# Brazos DLX Baffle



## BackYardSmoke (Jun 20, 2022)

I see lots of people cutting the baffle out of the brazos due to uneven grate temps. My DLX came with a tuning plate that when up to temp seems to keep it really close end to end. Is that tuning plate something new, because I never hear anyone mention it. I also bought it new from a smoker/grill shop out of texas since academy was not shipping so it is factory currently. I just didnt want to mod a 1300 dollar smoker until it was necessary.


----------



## bauchjw (Jun 20, 2022)

I highly recommend not modifying it if it works for you. Especially if it’s keeping even temps and built by craftsman that care. I’m not familiar with your smoker, but if you have a tuning plate it may because they heard about the mods and adjusted. IMHO mods should only be done if you are having problems that can’t be addressed with change in technique.


----------



## BigBoomBBQ (Jun 21, 2022)

Do you happen to have any pictures of your new Brazos DLX?  I'm particularly interested in seeing the tuning plate installed instead of the baffle.  I was looking to purchase this exact same smoker and was going to cut out the baffle and also extend the smoke stack by about 6-8".  I ran into the same issue with Academy Sports and I contacted Old Country BBQ by email.  They replied back and said they are not currently shipping any of their smokers but there was a shop in Texas (Texas Star Grill Shop) that had some in stock.  Is this where you bought yours?  I'm guessing they made a design change because so many customers were making modifications.  I was going to buy from the Texas shop, but they what to charge me $500 for shipping (to Indiana).


----------



## Newglide (Jun 21, 2022)

I have a OC Pecos and did as many other old country users do is add in a tuning plate. Some have moved the plate from the firebox and use it as the tuning plate. In my case it did even out the temps across the cook chamber like you are saying. It also keeps the heat toward the bottom of the cook chamber and on longer cooks the bottom has a tendency to burn if I don't flip the meat. Things like a pork butt I put the fat cap down so I don't have to flip and that helps insulate the meat.
I've seen a bunch of videos where they cut the baffle and extend the stack. I've been a little hesitant to cut on my smoker for the reasons that 

 bauchjw
 gave.
All offsets have their quirks. That's part of it, you learn their quirks and use them to your advantage or learn to work around them


----------



## BackYardSmoke (Jun 21, 2022)

BigBoomBBQ said:


> Do you happen to have any pictures of your new Brazos DLX?  I'm particularly interested in seeing the tuning plate installed instead of the baffle.  I was looking to purchase this exact same smoker and was going to cut out the baffle and also extend the smoke stack by about 6-8".  I ran into the same issue with Academy Sports and I contacted Old Country BBQ by email.  They replied back and said they are not baffleicurrently shipping any of their smokers but there was a shop in Texas (Texas Star Grill Shop) that had some in stock.  Is this where you bought yours?  I'm guessing they made a design change because so many customers were making modifications.  I was going to buy from the Texas shop, but they what to charge me $500 for shipping (to Indiana).

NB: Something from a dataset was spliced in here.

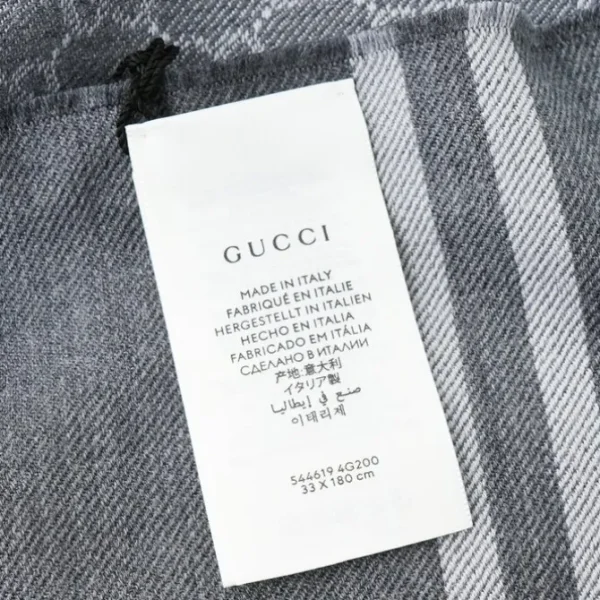 Reversible Arlisse GG Guccissima Scarf Muffler 544619 Grey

They still have the baffle but also include a 1/4 inch tuning plate with holes drilled in the first half of the plate. It took about an hour for the smoker the smoker to level out. The end closest to the stack got hot first and then the tuning plate heated up and it leveled out. When the fire dies down the smoke stack end cools first before the tuning plate end which makes sense. I bought an OK joe while waiting to find a Brazos and currently have it for sale. After 8 months I finally bought the Brazos from Texas Grill and paid the same as you for shipping to PA. I have added a stack extension and am going to do more cooks before I remove the baffle. Not sure how I feel about the bottom up cooking. I can always cut the baffle and if needed, and tack it back in but not in a rush to cut a product I paid a premium price for. All and all it is what I was looking for even if it was way more than I expected.


----------



## Messenger (Jul 15, 2022)

BackYardSmoke said:


> I see lots of people cutting the baffle out of the brazos due to uneven grate temps. My DLX came with a tuning plate that when up to temp seems to keep it really close end to end. Is that tuning plate something new, because I never hear anyone mention it. I also bought it new from a smoker/grill shop out of texas since academy was not shipping so it is factory currently. I just didnt want to mod a 1300 dollar smoker until it was necessary.


I have a normal Brazo's and recently cut out that plate that covers the opening to the firebox.  Before I did this, my meat would always char on the bottom side, especially ribs, because all that hot air was being forced down and hitting the underside of the meat.  After I took out that plate, I don't have  that issue anymore.

Though, there are new issues now.  For one, it is much harder for me keep a steady temperature on the smoker.  Some of this has to do with my default thermometer placement that isn't exactly grate level so it is not getting hit with all that hot air.  I plan on putting in a couple of grate level tel trus and seeing if the temp at grate level is steady.  I also haven't been using a water pan, yet.  I think with the addition of the water pan it will help regulate the temps a bit more, acting like a bit of a heatsink.

I also added that 24 inch stove pipe extension which is a must.  it increases my Brazos draw so much better.


----------